**What is expected:**
The full listing, minus its pictures, should be printed again exactly as it stands.

**Data segment:**
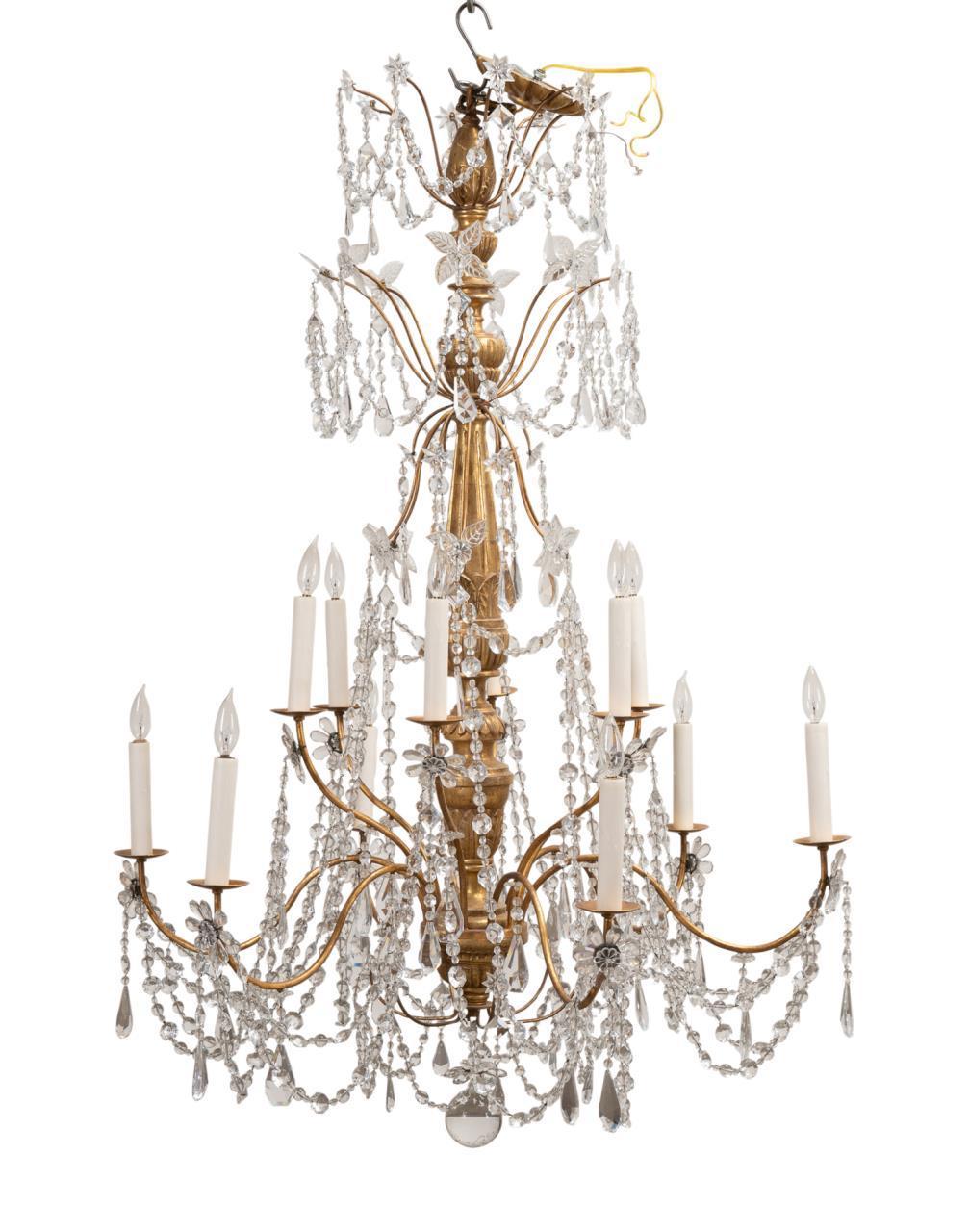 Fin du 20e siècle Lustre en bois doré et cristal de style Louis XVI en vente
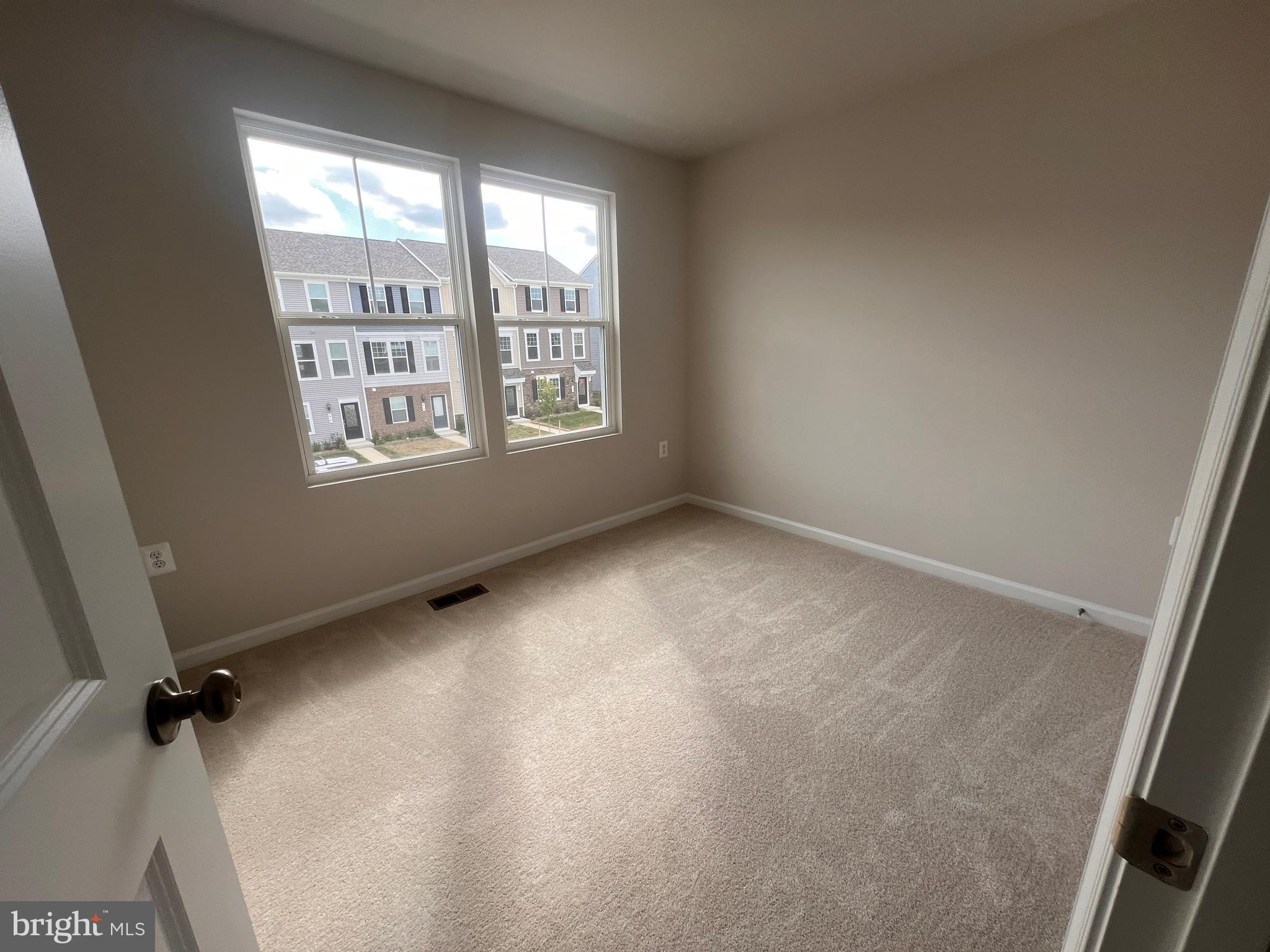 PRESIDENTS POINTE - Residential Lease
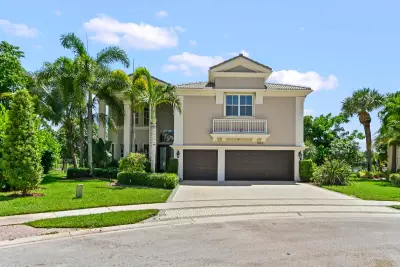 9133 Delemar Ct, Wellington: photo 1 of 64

**Exercise response:**
 Fin du 20e siècle Lustre en bois doré et cristal de style Louis XVI en vente
 PRESIDENTS POINTE - Residential Lease
 9133 Delemar Ct, Wellington: photo 1 of 64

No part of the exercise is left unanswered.